THREE OF THE state’s health care leaders urged employers to require their workers to get vaccinated against COVID-19, saying the only real protection against the Delta variant of the disease is inoculation.

The health care leaders – Pete Healy, the president of Beth Israel Deaconess Medical Center; Peter Slavin, the president of Massachusetts General Hospital; and Dan Barouch, the director of the Center for Virology and Vaccine Research at Beth Israel Deaconess Medical Center and a professor of immunology at Harvard Medical School – all appeared on a Zoom call Tuesday sponsored by the Massachusetts High Technology Council.

Slavin said his hospital system, Mass General Brigham; Beth Israel Lahey Health; and Wellforce, the parent company of Tufts Medical Center, all decided on Tuesday to require all of their employees to get vaccinated next month. They had previously announced a vaccine mandate for employees, but only after the vaccines had won full approval from the Food and Drug Administration. Now the health care organizations are not waiting for full FDA approval.

“Given this Delta variant, the rising number of cases in this area, we thought it was prudent to take this additional step and require all of our employees to get vaccinated even in advance of full approval from the FDA,” said Slavin.

Most employees at all three hospital systems have already been vaccinated, but roughly 10 to 15 percent, depending on the system, have not.

“We’re going to suspend people first and give them a chance to reconsider, but I’m sure we’ll end up terminating the employment of some folks who won’t do it,” said Healy.
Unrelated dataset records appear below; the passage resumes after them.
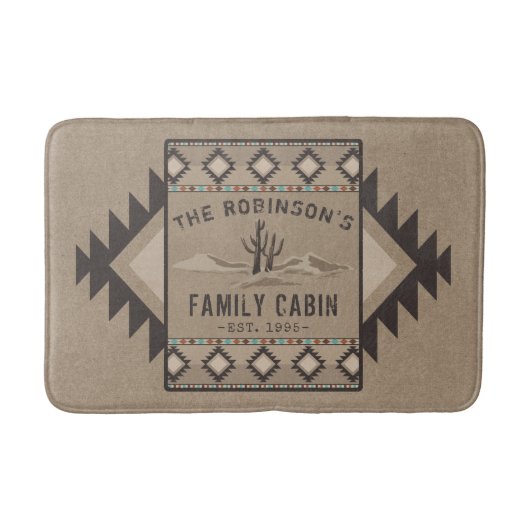ファミリーキャビン素朴サウスウェスト先住民トバルサボテン バスマット (正面)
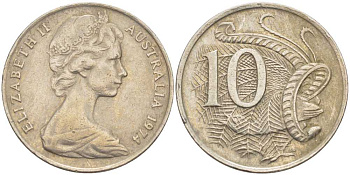 Австралия 10 центов 1974 Елизавета II (1952-), птица лирахвост KM 65 медно-никель 4382-943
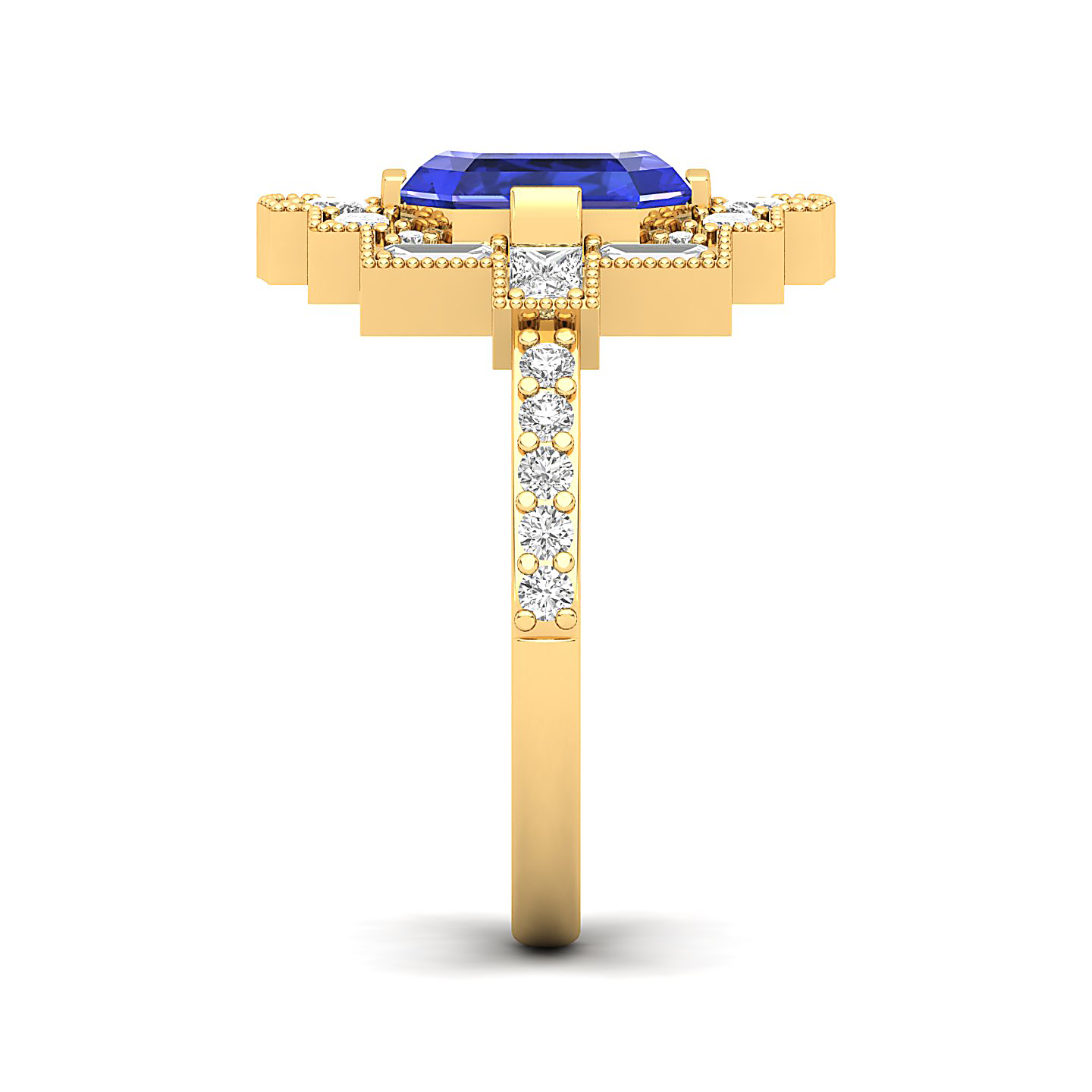 Cultured Art deco Tanzanite ring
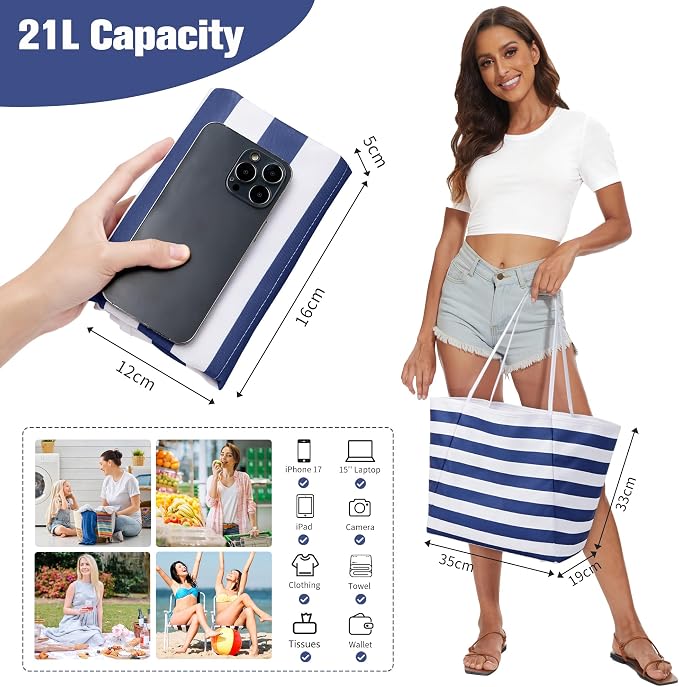 KALIDI Beach Tote Bag Women Large Waterproof Sandproof Shoulder Handbags | Foldable Grocery Bag Striped Pool Bag Lightweight Travel Purse for Picnic Travel Vacation Casual Errands Everyday Daily - Image 2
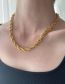 Fashion Gold Titanium Twisted Rope Chain Necklace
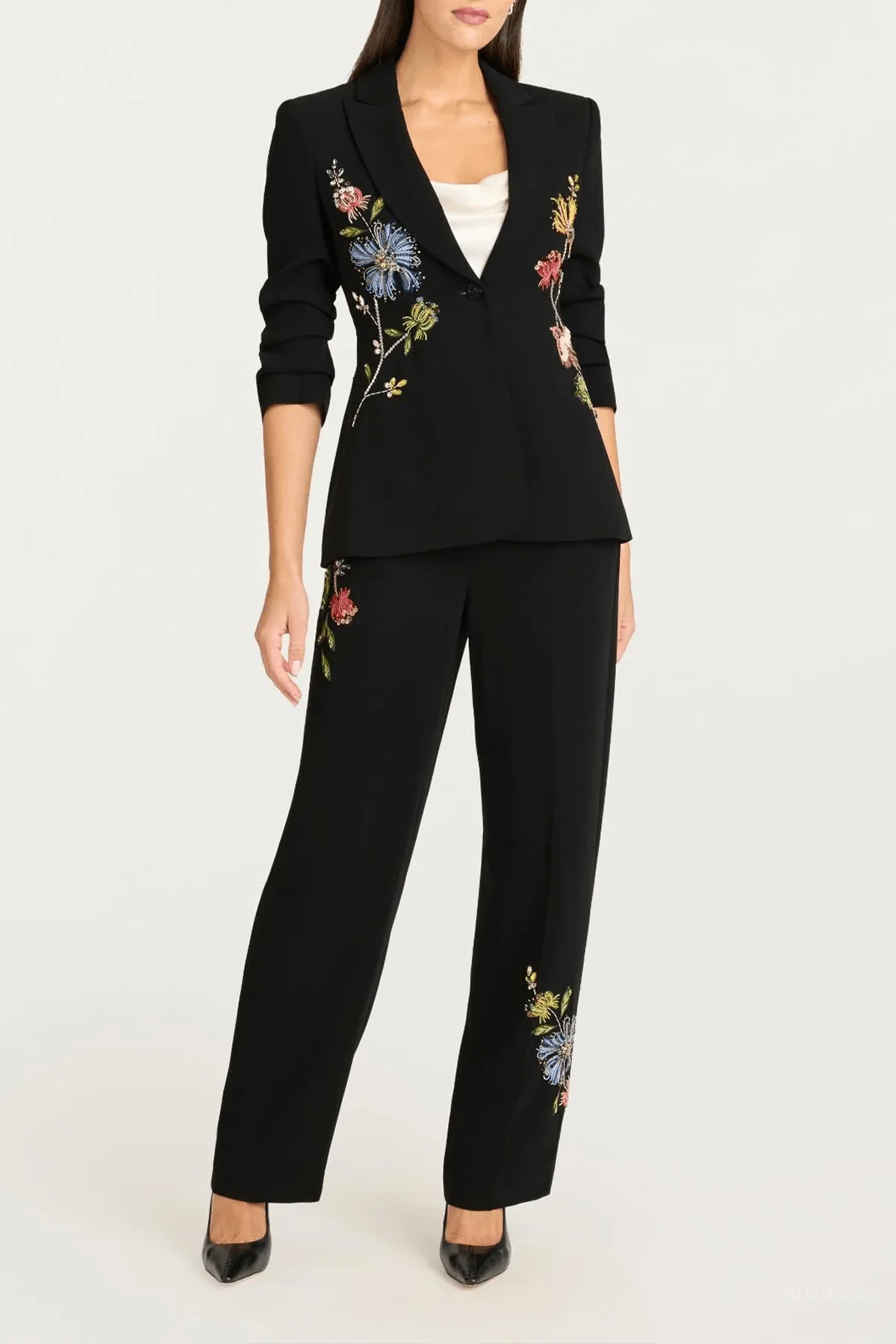 Floral Mixed Media Harlan Pant in Black Multi - Image 4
Both Healy and Slavin said their hospitals are expanding their masking requirements and Healy said employees working remotely at Beth Israel Deaconess will now continue to do so until at least January.

Clockwise from top left: Chris Anderson, president of the Massachusetts High Technology Council; Steve Pagliuca, the moderator; Dan Barouch, the director of the Center for Virology and Vaccine Research at Beth Israel Deaconess Medical Center; Peter Slavin, president of Massachusetts General Hospital; and Pete Healy, president of Beth Israel Deaconess Medical Center.

Healy said he believes government workers, school employees, and other public-facing workers should all be required to get vaccinated. “Practically speaking, I’m not sure this will happen in the course of the pandemic, but I think every employer has an obligation to protect their employees and to protect the families of their employees,” he said.

Barouch said the safety and efficacy of the vaccines and the risk posed by the Delta variant make vaccinations a priority. “A choice not to get vaccinated is not an individual decision,” he said. “It puts others at risk.”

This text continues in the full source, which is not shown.